**Source records**
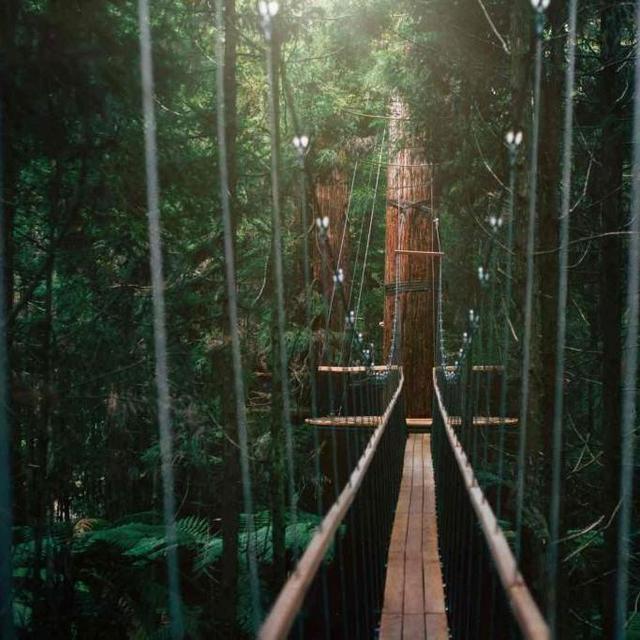 Rotorua Redwoods Forest Treewalk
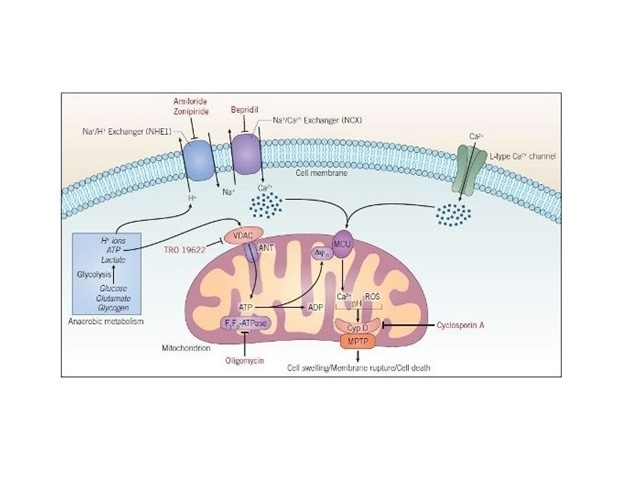 Ischemia Reperfusion Injury Cardiovascular Research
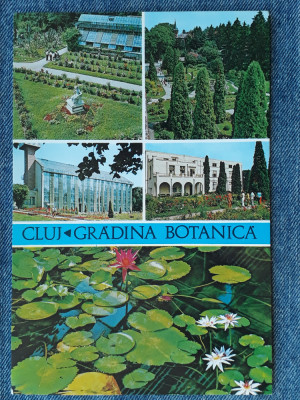 234 Cluj-Napoca Gradina Botanica /carte postala necirculata foto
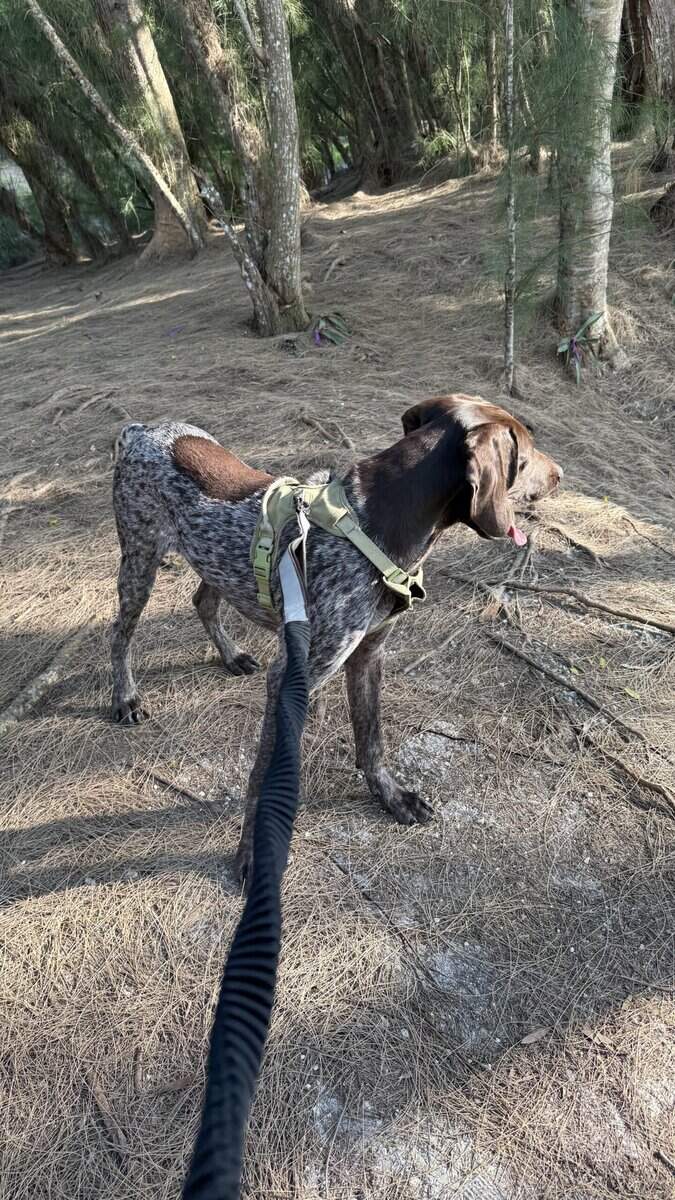 Male German Shorthaired Pointer puppy image 4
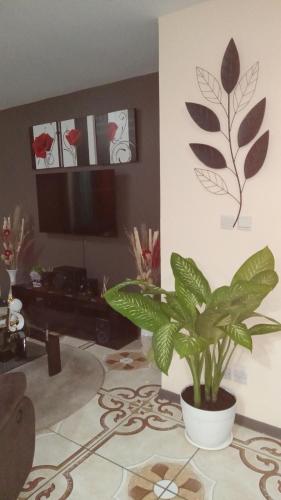 Iekārtas, S&D Beauty Home in Roseau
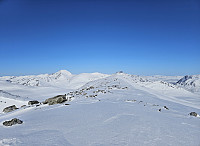 opps_20241217_6761a0e62b810.jpg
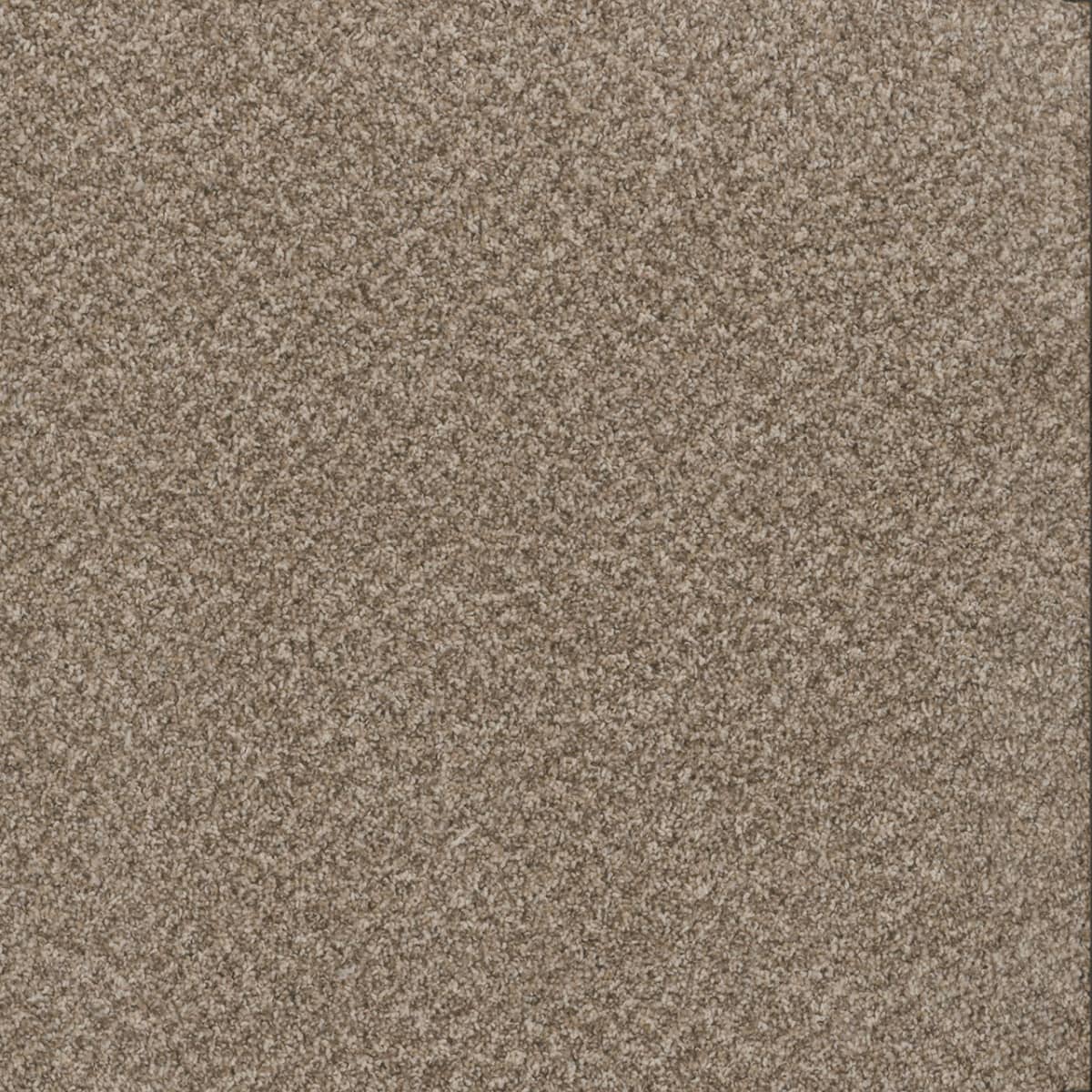DreamWeaver Toast Of The Town — Natural Cotton carpet swatch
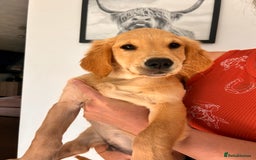 Golden Retriever dogs for sale: Golden Retriever Puppies  - Image 5
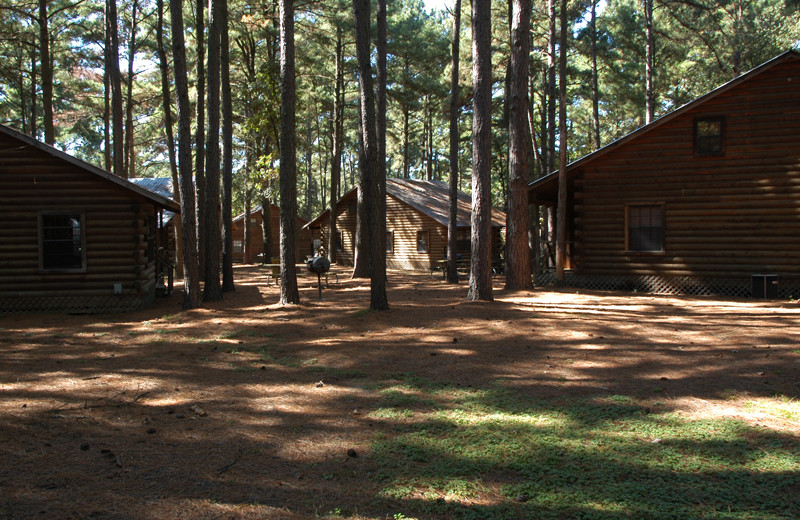 Cabins at Lake O' The Woods.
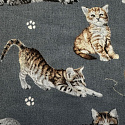 Tissu coton au métre imprimé Chat et sindice couleur gris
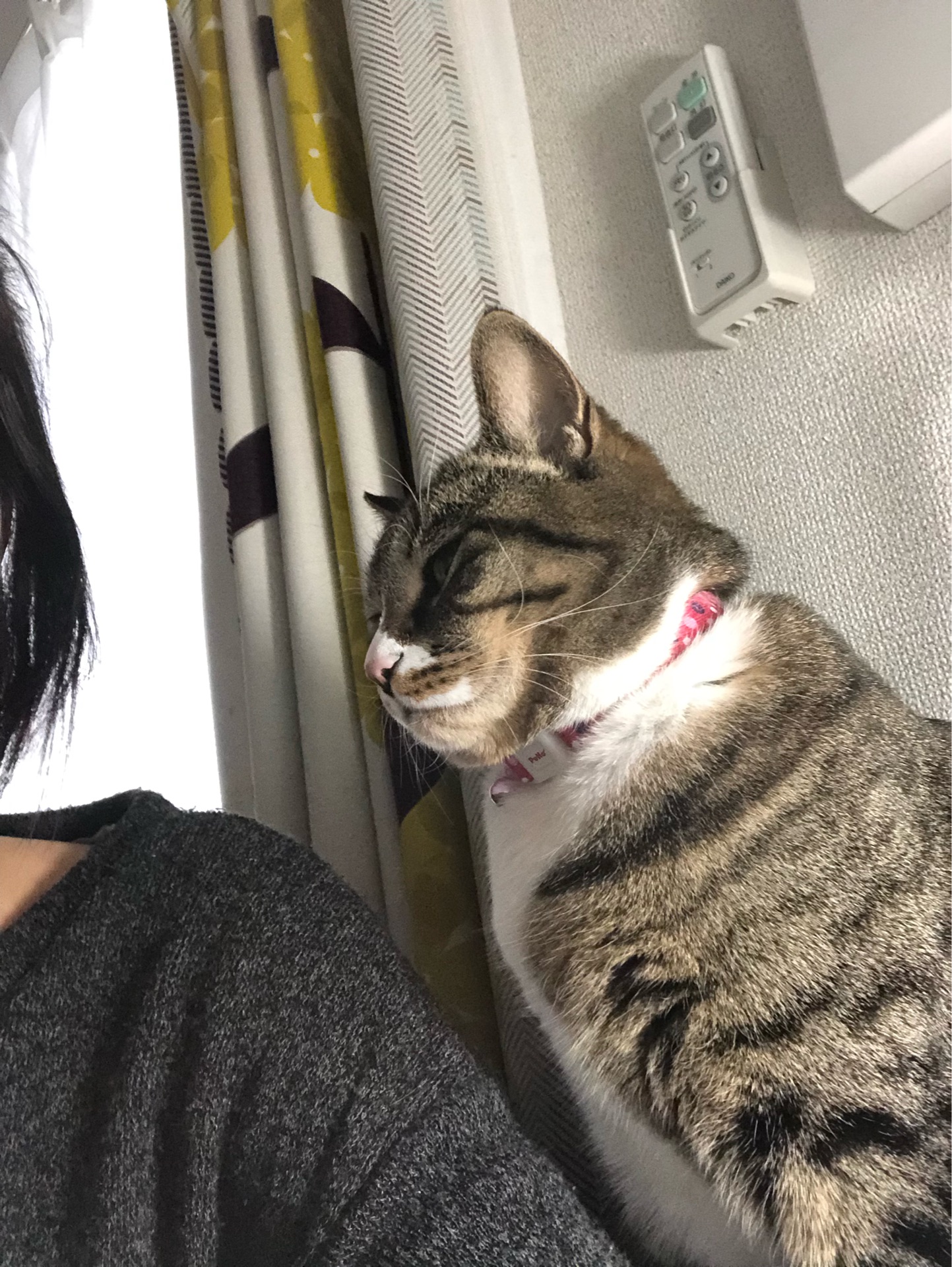 花冷えの日の朝に至福の時 : ドレミの日記 ～no cat no life. I am a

**YOUR GOAL**
Leave the images aside and return the records above exactly as written.

**SOLUTION TO THIS EXERCISE**
 Rotorua Redwoods Forest Treewalk
 Ischemia Reperfusion Injury Cardiovascular Research
 234 Cluj-Napoca Gradina Botanica /carte postala necirculata foto
 Male German Shorthaired Pointer puppy image 4
 Iekārtas, S&D Beauty Home in Roseau
 opps_20241217_6761a0e62b810.jpg
DreamWeaver Toast Of The Town — Natural Cotton carpet swatch
 Golden Retriever dogs for sale: Golden Retriever Puppies  - Image 5
 Cabins at Lake O' The Woods.
 Tissu coton au métre imprimé Chat et sindice couleur gris
 花冷えの日の朝に至福の時 : ドレミの日記 ～no cat no life. I am a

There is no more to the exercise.